Scoring

Negative marking strategy

Control risk by separating confident attempts from guesses before the timer controls you.

Negative marking changes the meaning of speed. In a paper without penalty, a doubtful answer may be harmless. In a paper with penalty, every weak guess has a cost. A student who attempts too many uncertain questions may feel active during the test but lose marks after scoring. The goal is not fear; the goal is controlled risk.

When should I attempt a doubtful question?

Attempt a doubtful question only when you can remove enough options for a reason. If two options are impossible and two remain, the risk may be acceptable depending on the marking scheme and your current score target. If no option can be rejected confidently, skipping is often better. A guess based only on familiarity is not elimination.

How should I create a skip rule?

A skip rule should be written before the mock begins. For example, skip if the first reading gives no direction, skip if a calculation becomes too long, or skip if two statements feel equally unknown. This rule protects the student from emotional decisions inside the timer. The skipped question can still be reviewed later; skipping in a mock is not failure when it protects the score.

How do I review negative marking after a test?

Separate wrong answers into confident wrong, half-known and blind guess. Confident wrong answers reveal misconception. Half-known answers reveal incomplete revision. Blind guesses reveal attempt discipline. A student should reduce blind guesses first because they are the easiest marks to protect. Misconceptions need slower repair because they can keep producing confident mistakes.

What does accuracy tell me?

Accuracy shows whether the attempt count is healthy. If attempts rise and accuracy falls sharply, the student is buying speed with marks. If attempts are low but accuracy is high, the student may need more timed exposure and topic confidence. The best attempt strategy is personal. It comes from comparing several reports, not copying another student's target attempt number.
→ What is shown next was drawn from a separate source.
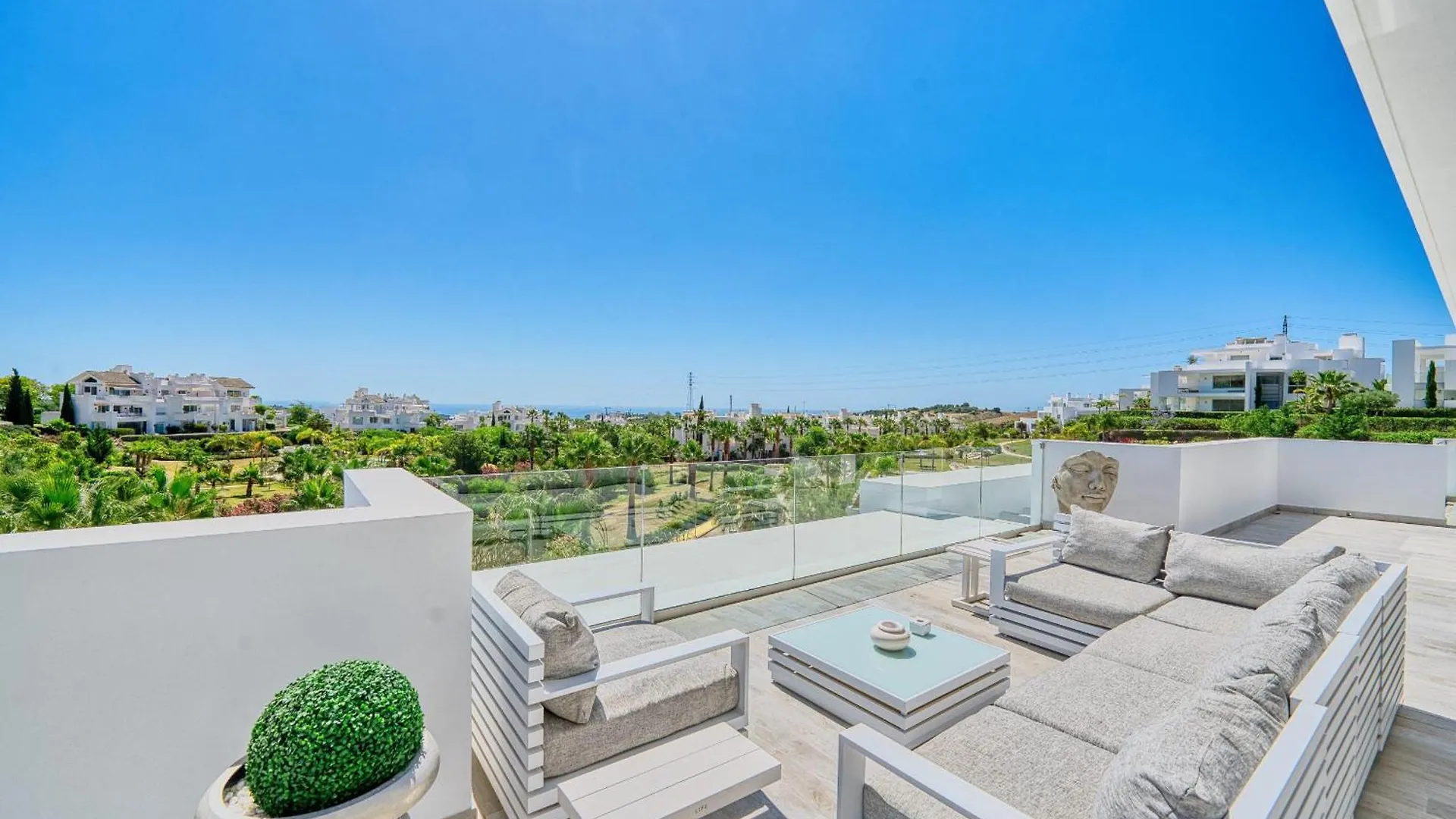 2288 New Modern Penthouse With Privat Pool Apartment Estepona Spain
How does Sarkari Engine apply this?

Sarkari Engine applies negative marking inside the scoring flow when the selected pack uses it. The mock-test analysis guide explains how to read the result after scoring. Students can use free packs for quick attempt-control practice, then use Pro for a longer 100-question paper where risky decisions become easier to see.

How should I change strategy during the test?
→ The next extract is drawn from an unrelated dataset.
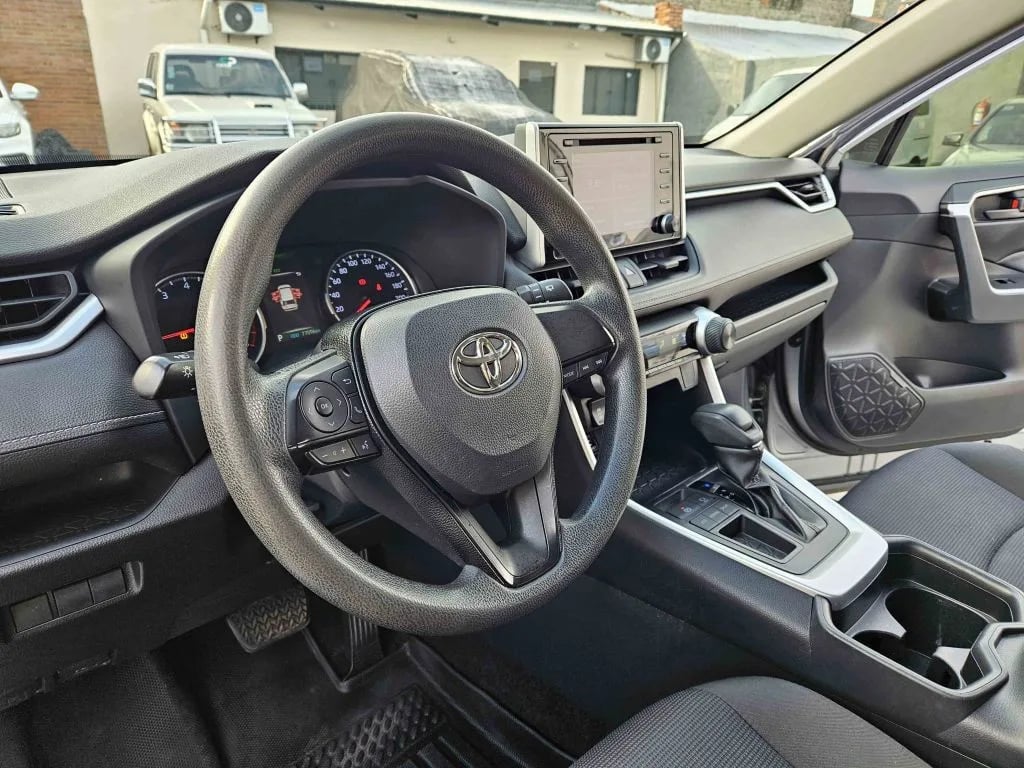 Toyota RAV4 — foto 5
Use rounds. In the first round, attempt only questions that are direct or quickly solvable. In the second round, return to questions where partial elimination is possible. In the final round, avoid new blind guesses unless the scoring situation clearly justifies risk. This order keeps easy marks from being lost because a student spent too long fighting one doubtful item.
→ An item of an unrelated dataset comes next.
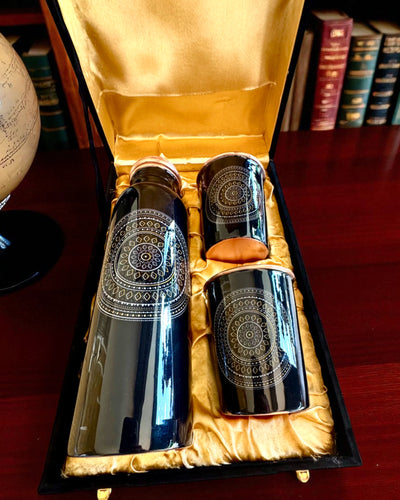 Copper Set Mandala – 1L Bottle + 2 Cups in Case, personalization with engraving available as a gift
What is a healthy attempt pattern?

A healthy pattern is consistent across several mocks. If the number of attempts changes wildly from one paper to the next, the student may be reacting emotionally to difficulty. If wrong answers are mostly blind guesses, reduce attempts. If skipped questions are mostly solvable after the timer, practice faster recognition. If confident wrong answers repeat, go back to concepts before attempting another timed paper.